NAME

Win32::UrlCache - parse Internet Explorer's history/cache/cookies

SYNOPSIS

use Win32::UrlCache;
my $index = Win32::UrlCache->new( 'index.dat' );
foreach my $url ( $index->urls ) {
  print $url->url, "\n";
}

Or, you can use callback function if you care memory usage.

use Win32::UrlCache;
my $index = Win32::UrlCache->new( 'index.dat' );
$index->urls( callback => \&callback )

sub callback {
  my $entry = shift;
  my $url = $entry->url;
     $url =~ s/^Visited: //;
  $entry->url( $url );

  print $entry->url, "\n";
  return;  # to prevent the entry from being kept in the object
}

If you want to know the title of the cached page (for Win32 only):

use Win32::UrlCache::Cache;
use Win32::UrlCache::Title;
use Encode;
my $cache = Win32::UrlCache::Cache->new;
   $cache->urls( callback => \&callback )

sub callback {
  my $entry = shift;

  print $entry->url, "\n";
  my $title = Win32::UrlCache::Title->extract( $entry->filename );
  print encode( shiftjis => $title ), "\n\n" if $title;

  return;
}

DESCRIPTION

This parses so-called "Client UrlCache MMF Ver 5.2" index.dat files, which are used to store Internet Explorer's history, cache, and cookies. As of writing this, I've only tested on Win2K + IE 6.0, but I hope this also works with some of the other versions of OS/Internet Explorer. However, note that this is not based on the official/public MSDN specification, but on a hack on the web. So, caveat emptor in every sense, especially for the redr entries ;)
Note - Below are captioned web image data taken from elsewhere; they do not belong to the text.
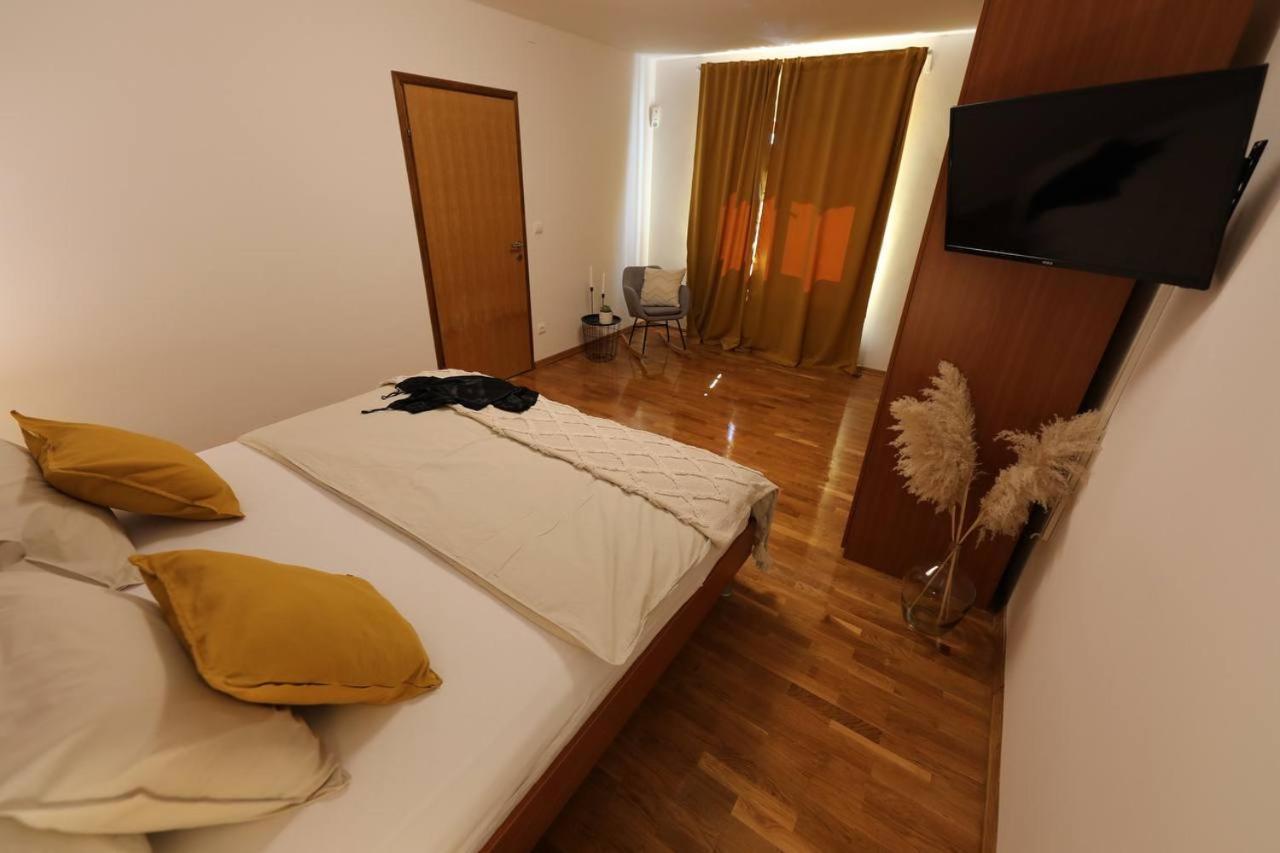 Prázdninový dům House Marea With Jacuzzi
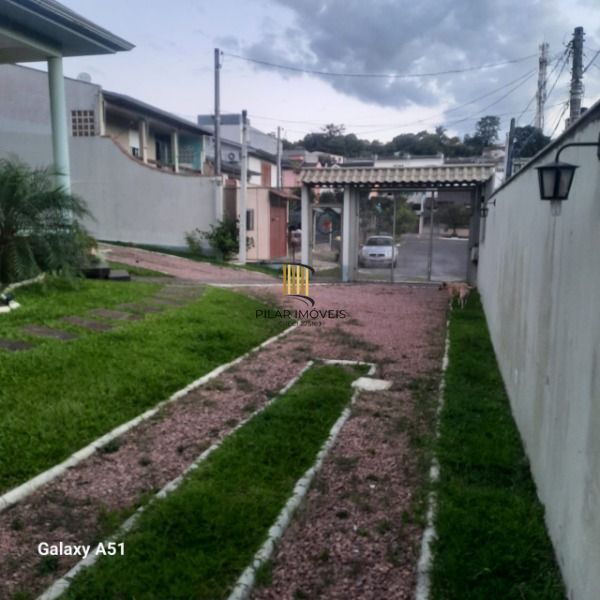 Sobrado 3 dormitórios no bairro Vila Nova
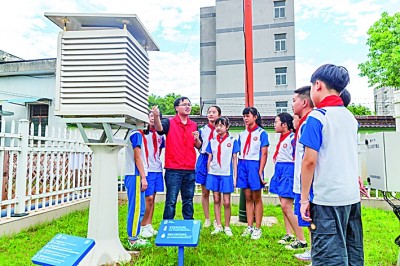 激勵(lì)創(chuàng)新，樹立“強(qiáng)國(guó)有我”鴻鵠志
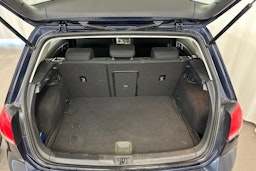 sininen Volkswagen Golf 2015 kuva 14.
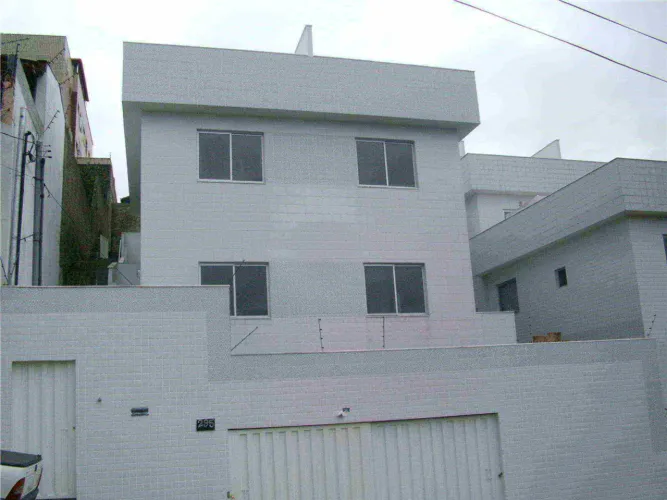 Aluga-Se: Apartamento 2 quartos com vaga de garagem no Estoril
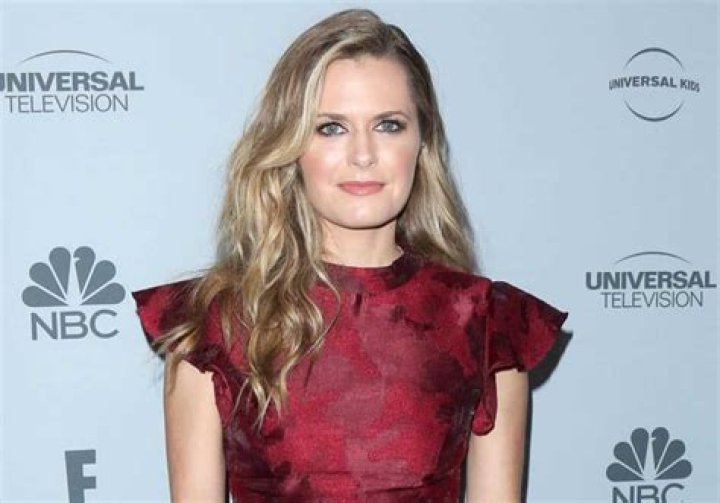 Maggie Lawson - Age, Family, Bio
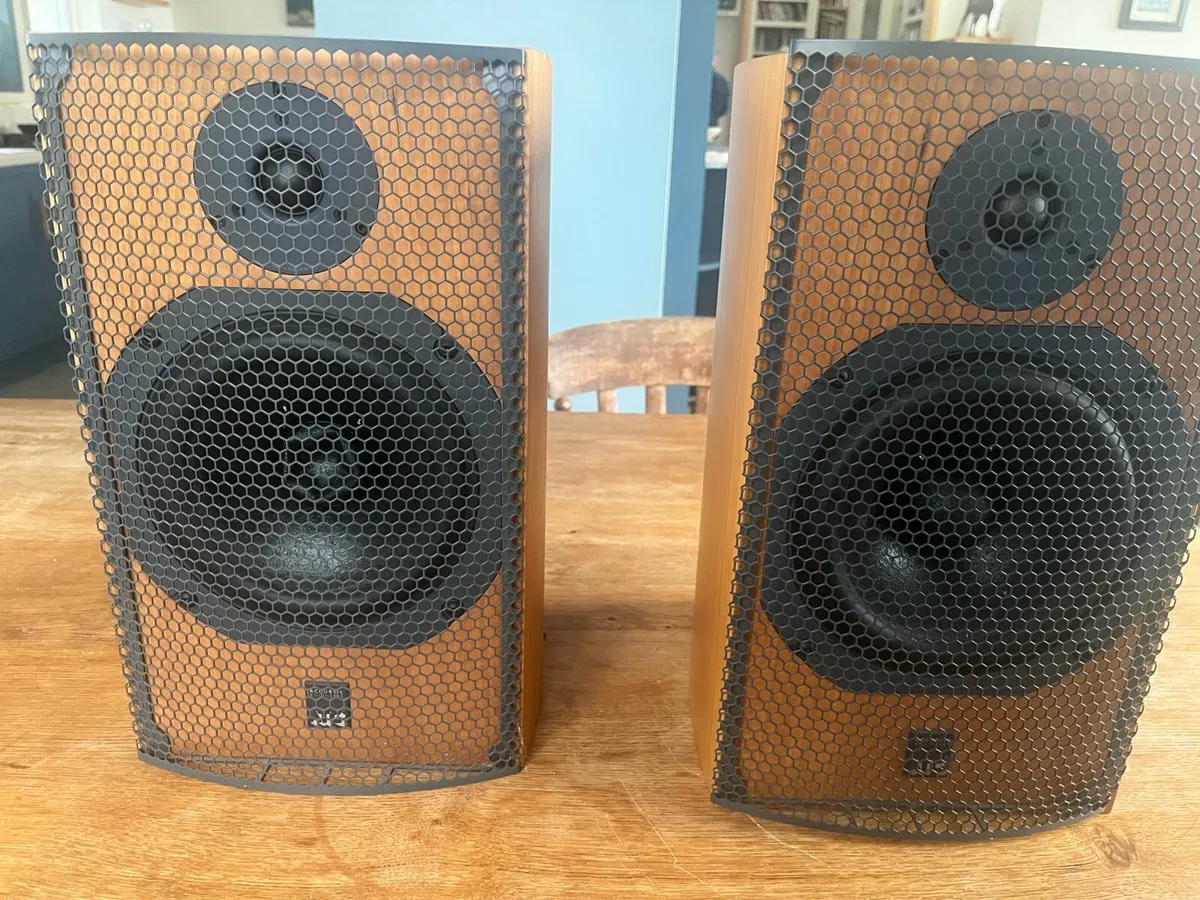 ATC SCM11 High end Speakers - Image 1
Patches and feedbacks are welcome.

METHODS

new

receives a path to an 'index.dat', and parses it to create an object.

urls

returns URL entries in the 'index.dat' file. Each entry has url, filename, headers, filesize, last_modified, last_accessed, and optionally, title accessors (note that some of them would return meaningless values). As of 0.02, it can receive a callback function. See below. As of 0.04, you can also pass ( extract_title => 1 ) to extract title. However, this extraction is processed after a callback. So, if you want both to use a callback and to extract title, you might want to insert extraction code into the callback as shown in the synopsis.

leaks

almost the same as urls, but returns LEAK entries (if any) in the 'index.dat' file.

redrs

returns REDR entries (if any) in the 'index.dat' file. Each entry has a url accessor. As of 0.02, it can receive a callback function.

CALLBACK

Three methods shown above return all the entries found in the index by default, but this may eat lots of memory especially if you use IE as a main browser. As of 0.02, those methods may receive a callback function, which will take an entry for the first (and only, as of writing this) argument. If the callback returns true, the entry will be stored in the ::UrlCache object, and if the callback returns false, the entry will be discarded after the callback is executed.

SEE ALSO

http://www.latenighthacking.com/projects/2003/reIndexDat/

AUTHOR

Kenichi Ishigaki, <ishigaki at cpan.org>

COPYRIGHT AND LICENSE

Copyright (C) 2007 by Kenichi Ishigaki.

This program is free software; you can redistribute it and/or modify it under the same terms as Perl itself.